Stempelsteuer und Stamp Duty Reserve Tax

Die Stempelsteuer wird auf Instrumente erhoben, mit denen Aktien oder marktfähige Wertpapiere übertragen werden, sowie auf Anteile an Personengesellschaften, wenn das Vermögen der Personengesellschaft Aktien oder marktfähige Wertpapiere umfasst. Die Stamp Duty Reserve Tax ist eine verwandte Steuer und wird auf Vereinbarungen zur Übertragung von steuerpflichtigen Wertpapieren erhoben.

Zum ursprünglichen Datum der Veröffentlichung dieses Leitfadens betrachtet HMRC Token nicht als Währung oder Geld, so dass sie nicht der Definition von „Geld“ für die Zwecke der Berücksichtigung der Stempelsteuer entsprechen. Sie werden auch im Allgemeinen nicht als „Bestand oder marktfähige Wertpapiere“ zählen und HMRC hat erklärt, dass bestehende Token wahrscheinlich nicht der Definition von „Bestand oder marktfähigen Wertpapieren“ oder „steuerpflichtigen Wertpapieren“ entsprechen und daher nicht der Stempelsteuer oder Stamp Duty Reserve Tax unterliegen.

Mehrwertsteuer (VAT)

Das HMRC hat bestätigt, dass der Tausch von Krypto-Vermögenswerten nicht in den Anwendungsbereich der Mehrwertsteuer fällt und daher nicht umsatzsteuerpflichtig ist. Sie haben jedoch auch erklärt, dass die oben skizzierten MwSt-Behandlungen vorläufig sind, bis weitere Entwicklungen eintreten; insbesondere in Bezug auf die regulatorischen und EU-Mehrwertsteuerpositionen.

Situs Steuer

Krypto-Vermögen stellt für die Zwecke der Erbschaftssteuer Vermögen dar und unterliegt dort der Erbschaftssteuer zum geltenden Satz

Auf welchen Steuerformularen melden Sie Kryptowährungen?
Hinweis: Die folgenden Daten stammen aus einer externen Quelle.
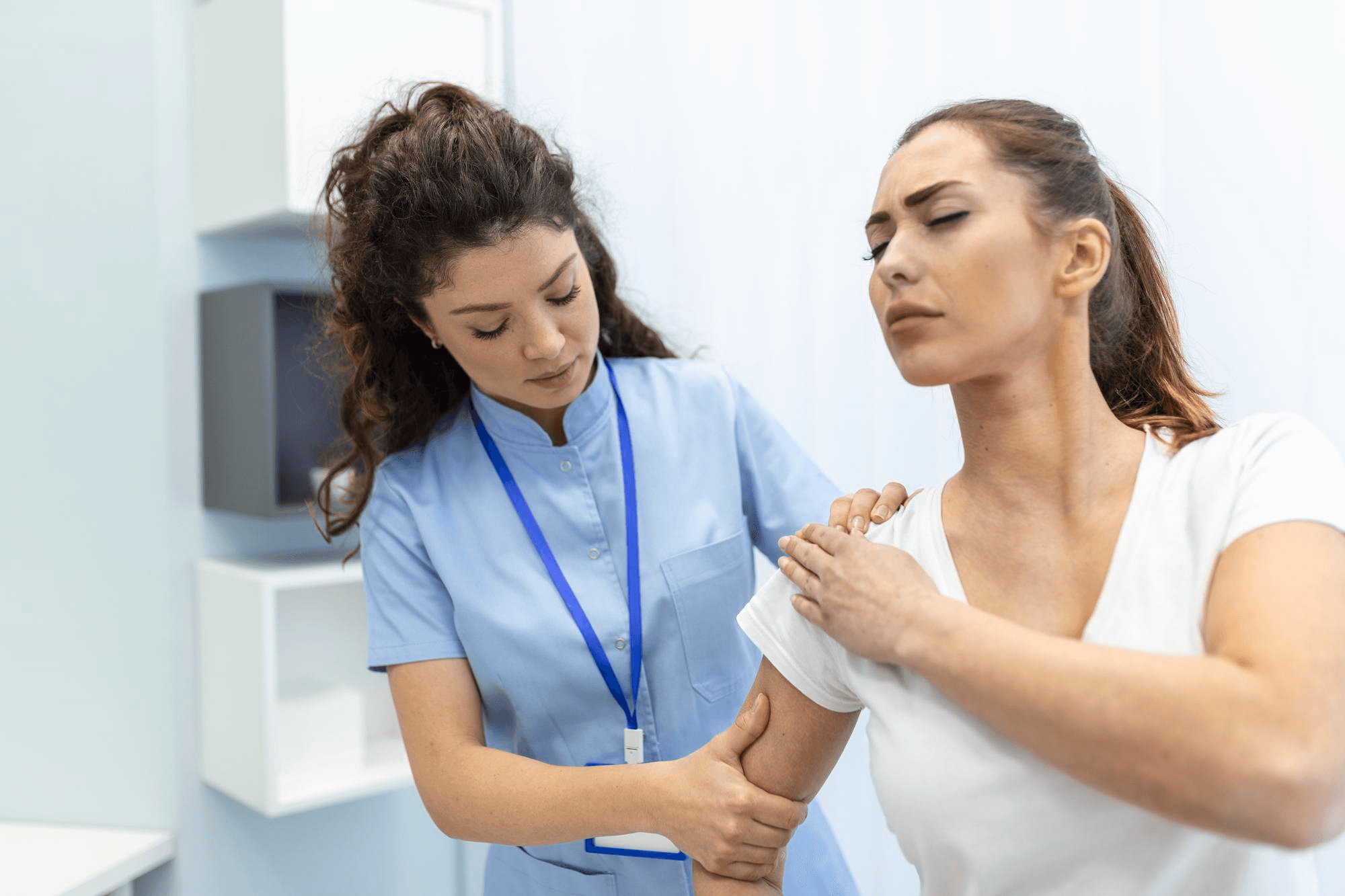A woman feels shoulder pain and bloating after laparoscopic surgery while a healthcare provider checks her arm during a follow-up visit.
Die Höhe der Steuer, die ein Unternehmen zahlen muss, hängt von seinen Einnahmen, Ausgaben, Gewinnen und Erträgen ab. Diese müssen jährlich an HMRC entweder erklärt werden:

  • Selbstveranlagungs-Steuererklärung (für Einzelunternehmer und Personengesellschaften)
  • Unternehmenssteuererklärung (für Unternehmen)

Aufbewahrung von Aufzeichnungen

HMRC empfiehlt, dass Einzelpersonen eine Aufzeichnung ihrer Krypto-Transaktionen führen, die die folgenden Informationen enthalten muss (es ist wichtig zu beachten, dass Kryptowährungsbörsen möglicherweise nicht eine vollständige Aufzeichnung aller erforderlichen Informationen führen und es in der Verantwortung der Einzelperson liegt, eine separate Aufzeichnung zu führen):

  • Der Typ des Krypto-Assets;
  • Datum der Transaktion;
  • Ob sie gekauft oder verkauft wurden;
  • Anzahl der Einheiten;
  • Wert der Transaktion in Pfund Sterling;
  • Kumulative Summe der gehaltenen Investmentanteile; und
  • Kontoauszüge und Wallet-Adressen, falls für eine Anfrage oder Überprüfung benötigt.